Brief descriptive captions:
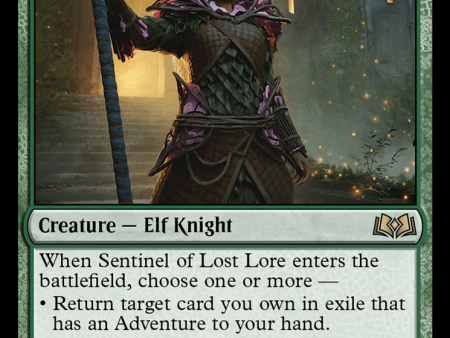 Sentinel of Lost Lore (WOE-184) - Wilds of Eldraine [Rare] Online now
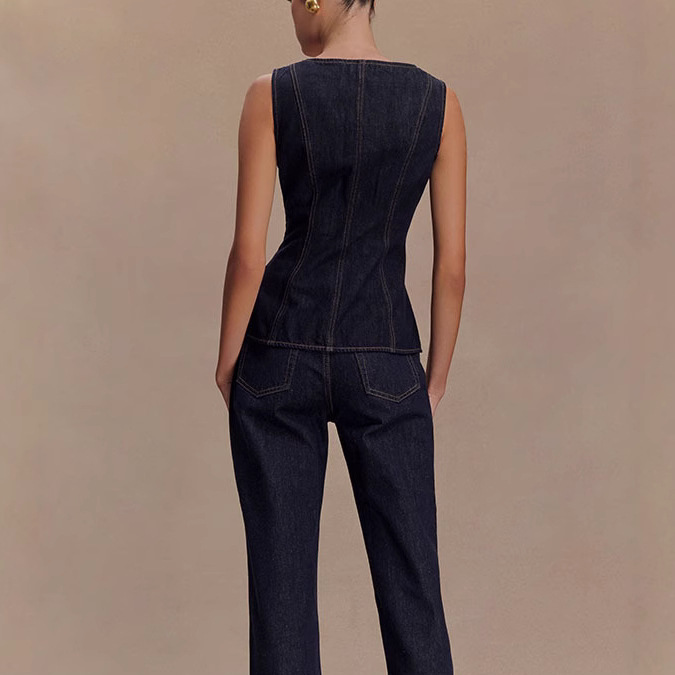 Summer Denim Pant Sets Women 2 - Street Fashion Jeans Women avis et prix
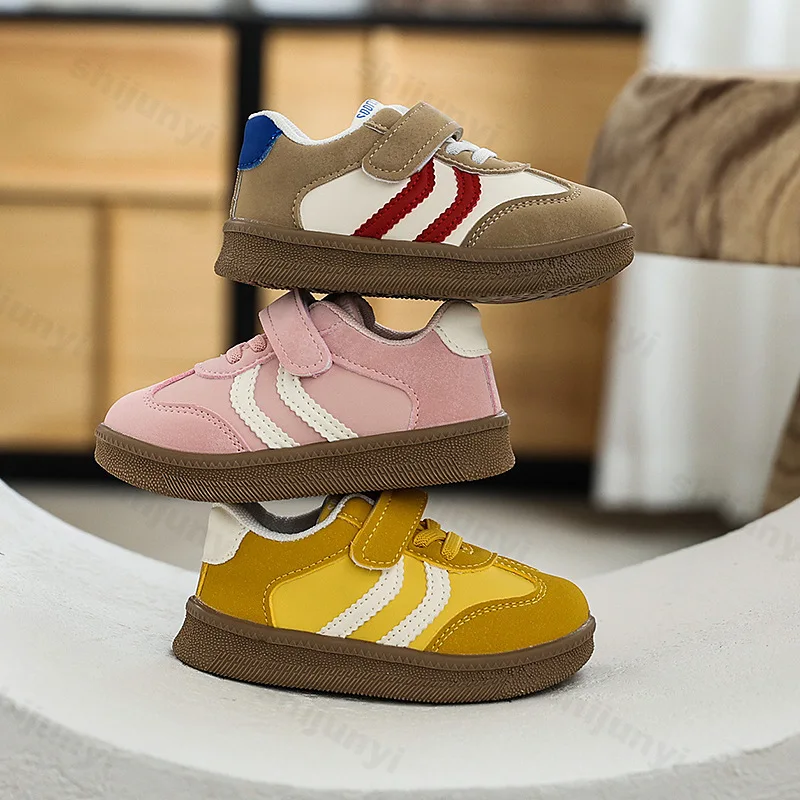 Kinder Turnschuhe Kinder Mode Komfortable rutschfeste Freizeitschuhe Jungen Mädchen Atmungsaktive Turnschuhe Kleinkind Outdoor Schuhe 21-30 Größe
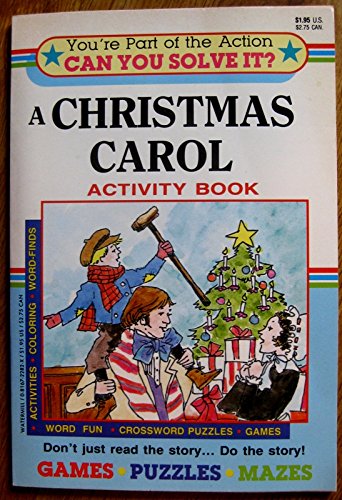 9780816722822: A Christmas Carol Activity Book (Can You Solve It)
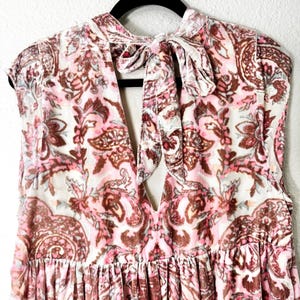 Free People All the Time Velvet Mini Baby Doll Dress Size Medium image 4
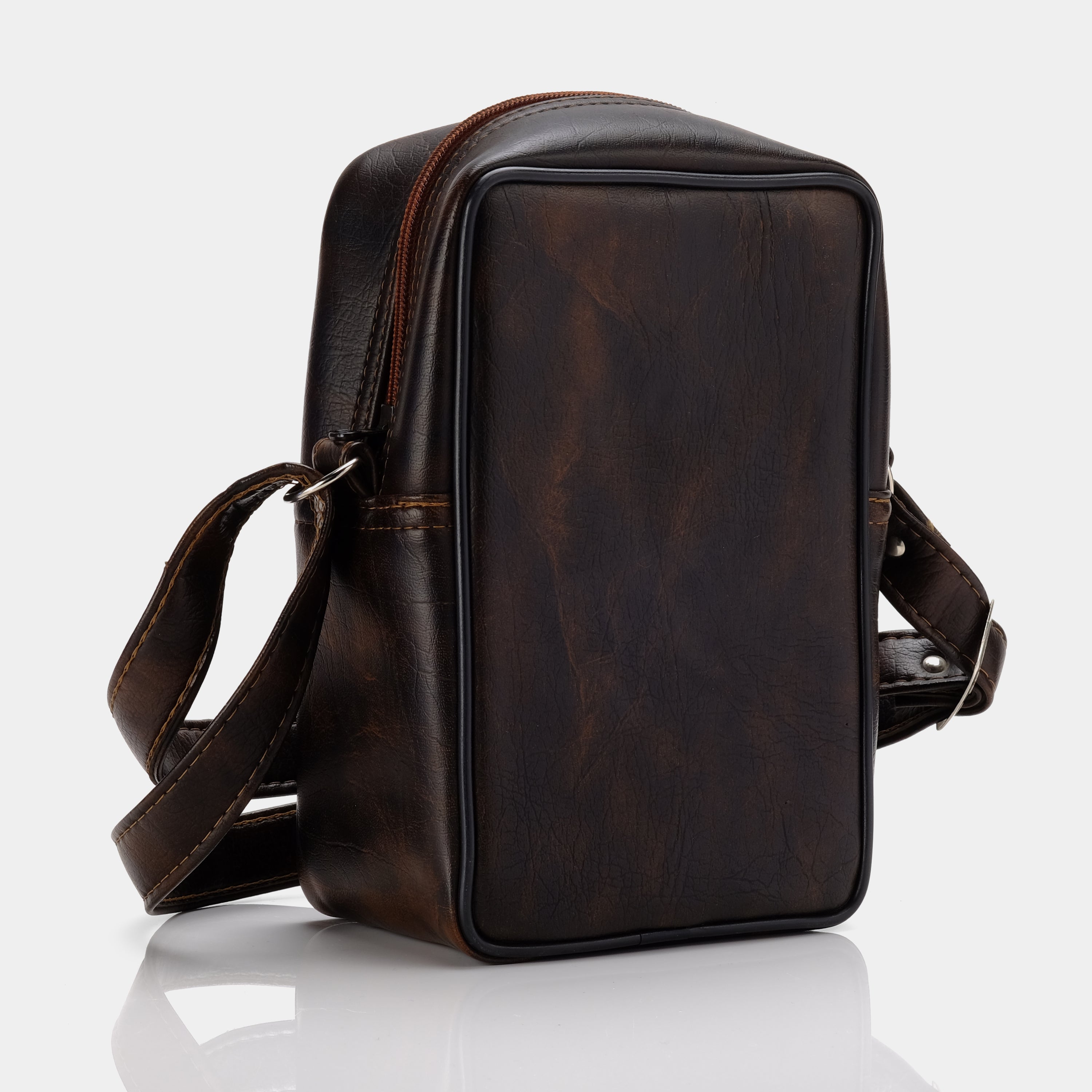 Vegan Leather Dark Chocolate Brown Camera Bag
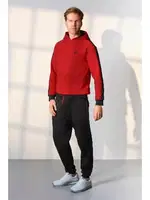 Kapşonlu Jogger Erkek Kırmızı Eşofman Pijama Takımı Doreanse 25K4538 Kırmızı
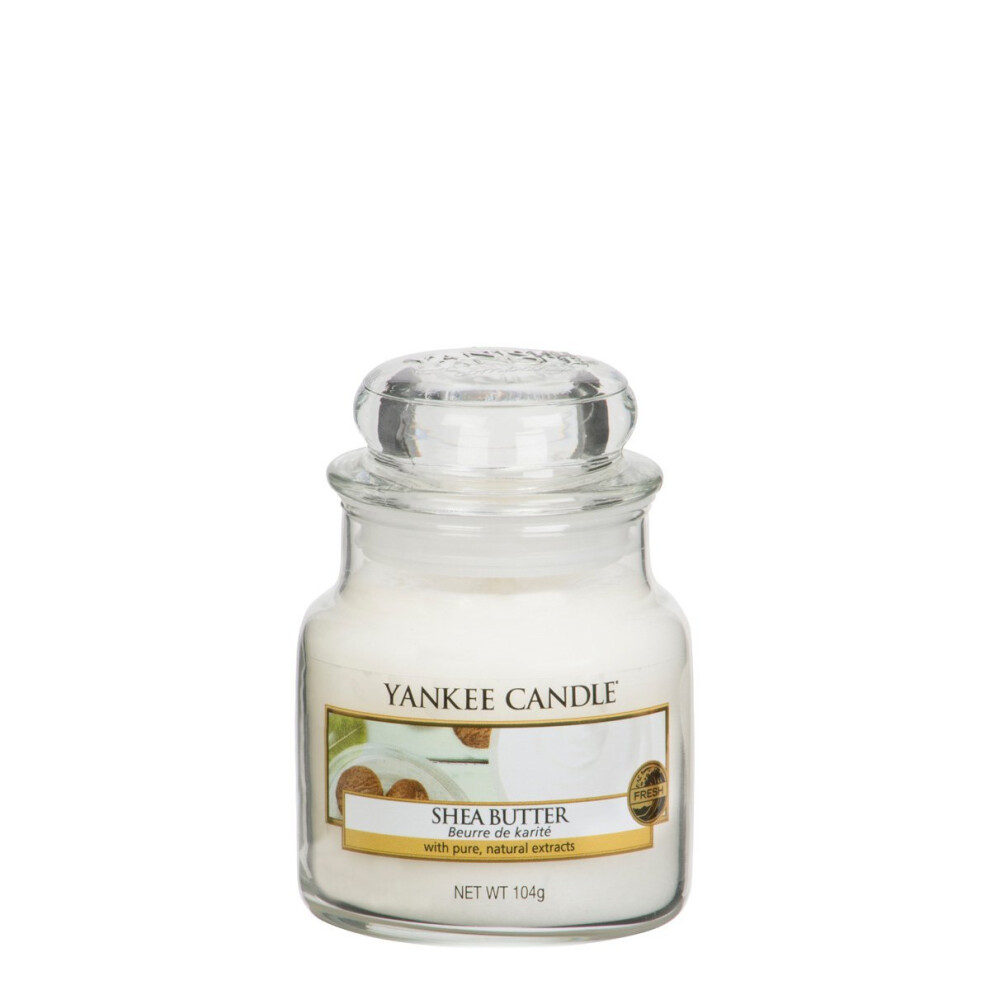 Yankee Candle Small Jar Candle, Shea Butter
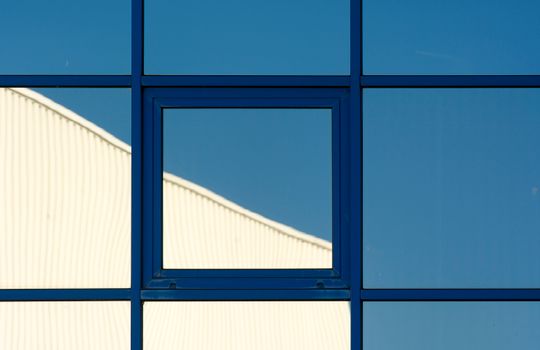 Ventana fija con marco delgado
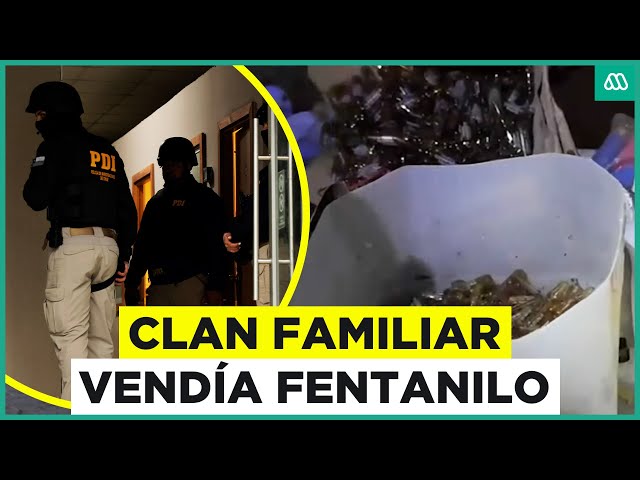 ⁣Clan familiar vendía fentanilo y poseía potentes fármacos en su poder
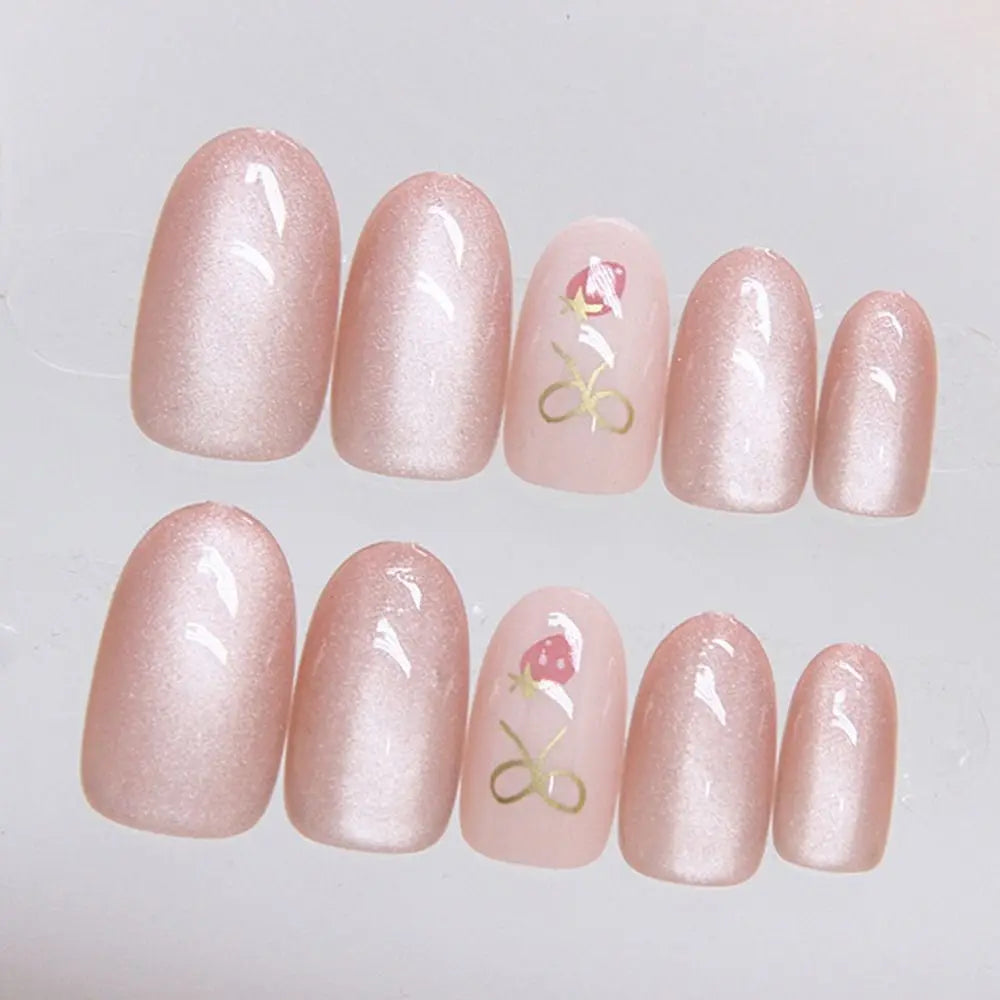 Cats Eye Press On Nails – Magnetic Shimmer Set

→ **Task prompt**
Retype all the records shown above, character for character. Omit every picture.

→ **Result for this task**
 Sentinel of Lost Lore (WOE-184) - Wilds of Eldraine [Rare] Online now
 Summer Denim Pant Sets Women 2 - Street Fashion Jeans Women avis et prix
 Kinder Turnschuhe Kinder Mode Komfortable rutschfeste Freizeitschuhe Jungen Mädchen Atmungsaktive Turnschuhe Kleinkind Outdoor Schuhe 21-30 Größe
 9780816722822: A Christmas Carol Activity Book (Can You Solve It)
 Free People All the Time Velvet Mini Baby Doll Dress Size Medium image 4
 Vegan Leather Dark Chocolate Brown Camera Bag
 Kapşonlu Jogger Erkek Kırmızı Eşofman Pijama Takımı Doreanse 25K4538 Kırmızı
 Yankee Candle Small Jar Candle, Shea Butter
 Ventana fija con marco delgado
 ⁣Clan familiar vendía fentanilo y poseía potentes fármacos en su poder
 Cats Eye Press On Nails – Magnetic Shimmer Set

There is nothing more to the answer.